In his new column he relays what he heard this past weekend at the NHC Championship (congrats Brian!) from horseplayers.

- Their message to tracks: Price matters. According to one very knowledgeable race and sports book operator I spoke with in Vegas, they are seeing a steady migration of players from horse racing to sports betting and other gaming. Why? Lower takeout on casino games and sports betting are a big part of the reason.

- Their Safety and integrity matter. If you think the way you treat your horse is a private matter between you and your vet, think again

- Their message to regulators: Be tough but fair in regulating the game. And be consistent.

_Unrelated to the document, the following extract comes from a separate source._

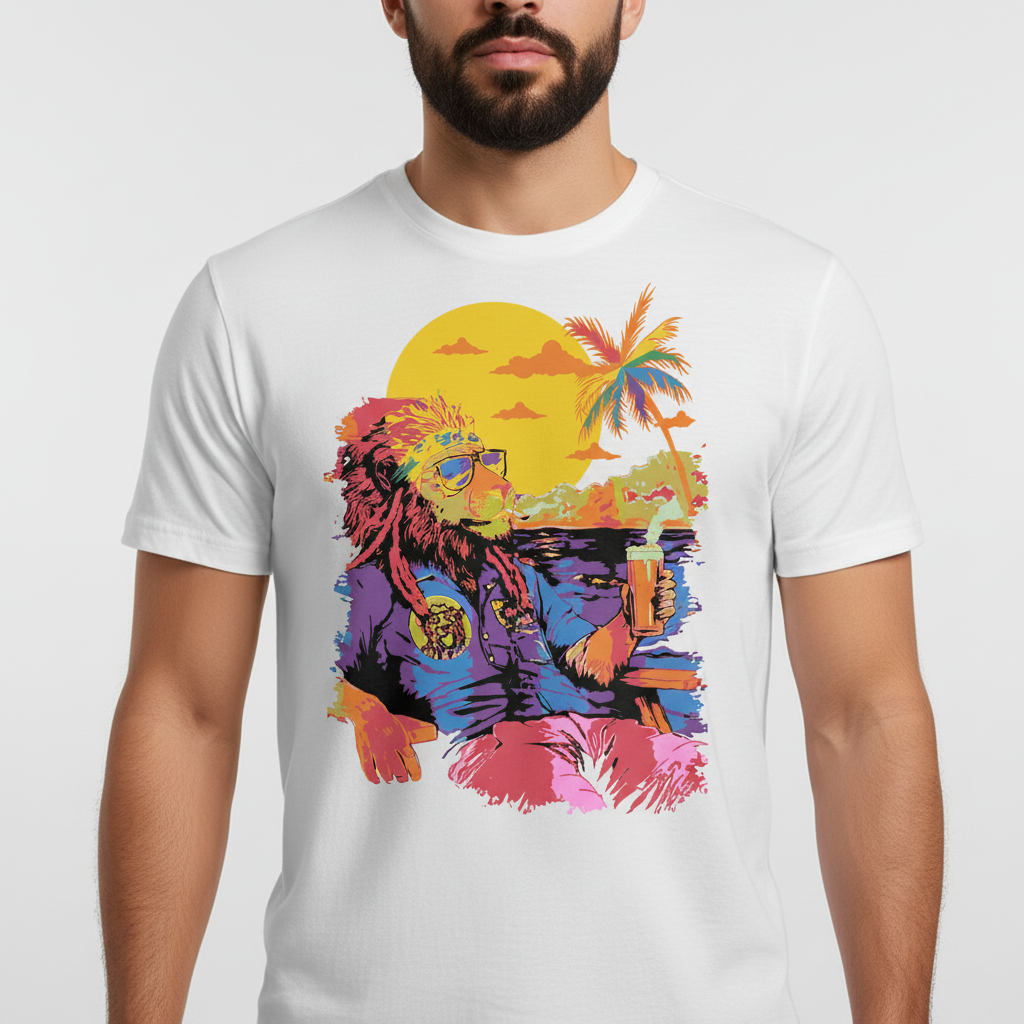 A Queer Lion With Style - T-Shirt. Bold & Fun!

We at HANA have surveyed horseplayers, written hundreds of blog pieces, attended dozens of meetings. We have conveyed this now for some time.

It is not a me versus you debate, it is an us debate.

We don't want lower takeout because we are greedy - we want lower takeout so we can bet more and encourage others to bet more by saying to new people "you have a shot to beat the races, so come join us".

We don't want safety concerns looked at because we really like to see tracks be regulated. We want safety and integrity because we feel with it we will have a better sport, and if we have a better sport, we can grow.

We don't want drug policy because we are zealots. We want a consistent drug policy because we love horses and want them treated well. We want cheaters to be charged because they hurt the game. We don't want honest horsemen charged and thrown out for making a minor mistake. We want a good policy with teeth to grow the sport of horse racing, for bettors and horse owners. Heck, almost 20% of HANA are horse owners.

Very well done regardless Alex. You summed it up pretty well.